And finally 2013 will also see us test the unconventional source-rock play in the East Coast basin. Now I don’t intend to get into a long discussion here about Apache’s departure from our JV, let’s just leave it at this, but the technical aspects of the play have never looked better.

Our work over the last 18 months with Apache has fine tuned our interpretation, and I personally have never been more excited about this play and, had in we are left with plenty of Apache’s cash to pay for our first wells, and I don’t see the downside here personally. We’re in the final stages of having our well consents approved on the East Coast as Garth mentioned.

We don’t predict any further delays, admittedly, there has been for the last 12 months, but we’re pretty much there now. We plan to move the Nova-1 rig over as soon as we’re done at Sidewinder and we’ll spread our first East Coast wells probably in April.

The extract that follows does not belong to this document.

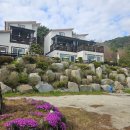서강화농협 삼산지점 | 인천 석모도 강화도 펜션 : 뷰맛집 썬플라워펜션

We get to use Apache’s money, but maintain 100% of the play, I don’t see it gets any better than that.

That’s the end of the summary of our operations here for this quarterly conference call. I guess at this point I’ll turn the call back to Garth, the moderator and take it from there.

Question-and-Answer Session


Thank you (Operator Instructions) In an effort to keep the teleconference relatively brief, we may not be able to get to all callers. However, if we don’t answer your questions, please email them at info@tagoil.com again that’s info@tagoil.com for a response by the Company. (Operator Instructions) Your first question comes from the line of David Phung with Credit Suisse. Please proceed.

David Phung – Credit Suisse

Hey, good morning, guys. First question is production testing, do you think you get the Cheal C4, Sidewinder-A5 and Sidewinder – potentially Sidewinder-A6 production test before fiscal year-end?

Garth A. Johnson

I can answer that, yes. Sidewinder-A5, Sidewinder-A6 of course we have haven’t drilled 6, we’re just drilling it right now; hopefully it’s going to be a successful well as well. We already have Sidewinder-A5, tidy and straight to our plant, so we won’t test it to flair, we will test it straight to production, and we will do that as soon as we move the rig off of Sidewinder-6, which is also like about 10 days from now.

So we just for safety purposes, we don’t want to be flowing Sidewinder-A5 and sitting about 4.5 meters from Sidewinder-A6 well ahead, once you move over to Sidewinder-A7 if the rig actually swings around 180 degrees on the sight everything kind of gets out of the way for us, so we can tie it straight in Sidewinder-A5 and Sidewinder-A6.

C4, I don’t believe we will have that tested, we have a single lift operation over at the C side it’s kind of a temporary operation to get our infrastructure completed, which we have hooked upon C1 right now, so it’s equal to a mini Cheal plant over there, jet pumping system. So I don’t believe we will have C4 tested before fiscal year-end, but Sidewinder-5 and 6 we should have, will have.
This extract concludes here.